- **What is expected**
Leave the pictures out. Retype exactly the lines below from the one containing "Big Brother 2016 Day 9 Ryan And Hughie Kiss" through the one containing "Власти Чехии оповестят", and no others.

- **Records provided**
----

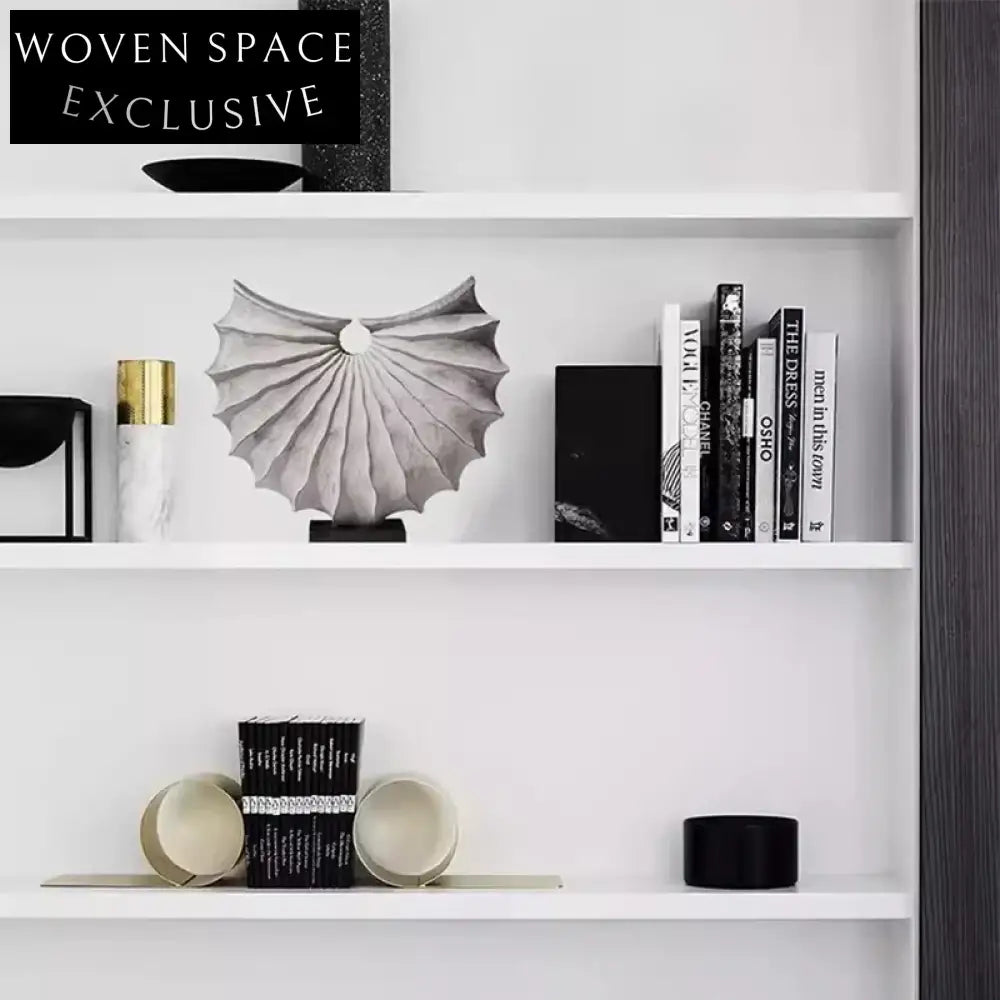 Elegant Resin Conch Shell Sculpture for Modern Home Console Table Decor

----

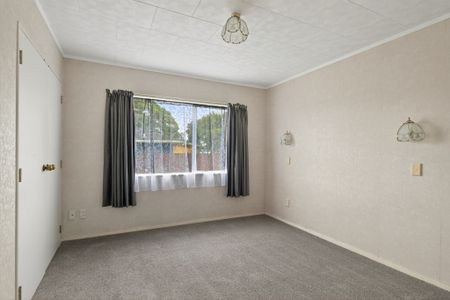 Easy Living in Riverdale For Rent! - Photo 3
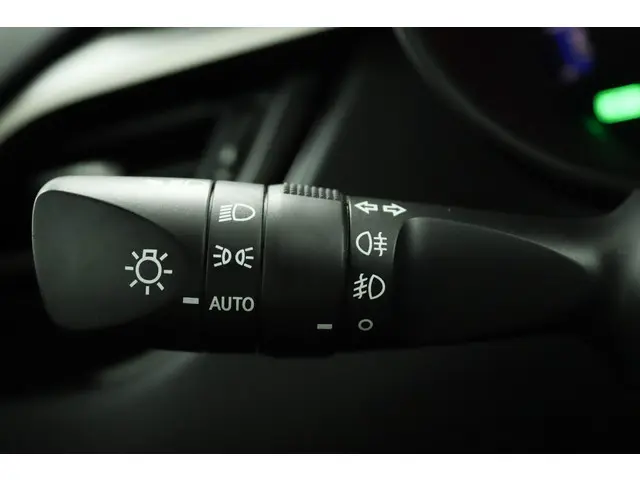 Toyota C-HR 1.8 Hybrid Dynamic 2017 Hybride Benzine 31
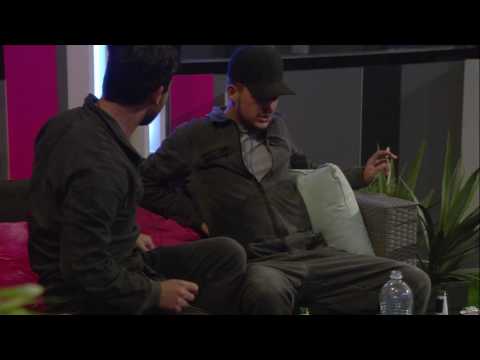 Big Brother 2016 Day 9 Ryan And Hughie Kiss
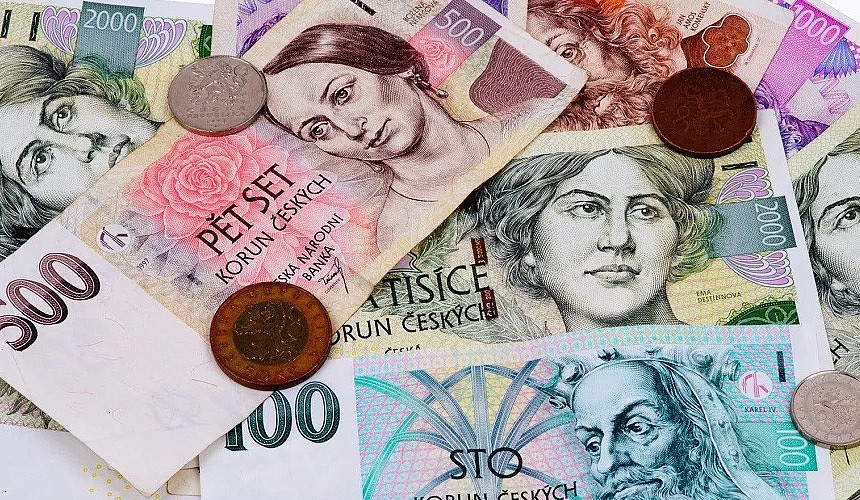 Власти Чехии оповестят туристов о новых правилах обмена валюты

----

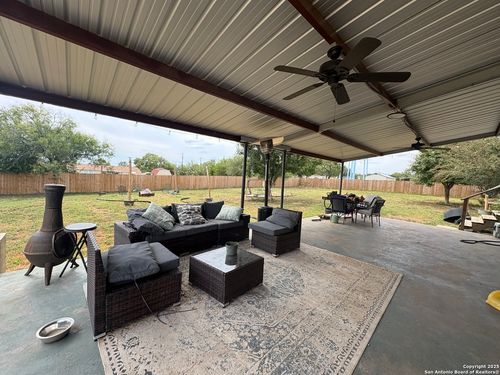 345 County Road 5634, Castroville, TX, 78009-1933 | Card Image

----

- **Task result**
 Big Brother 2016 Day 9 Ryan And Hughie Kiss
 Власти Чехии оповестят туристов о новых правилах обмена валюты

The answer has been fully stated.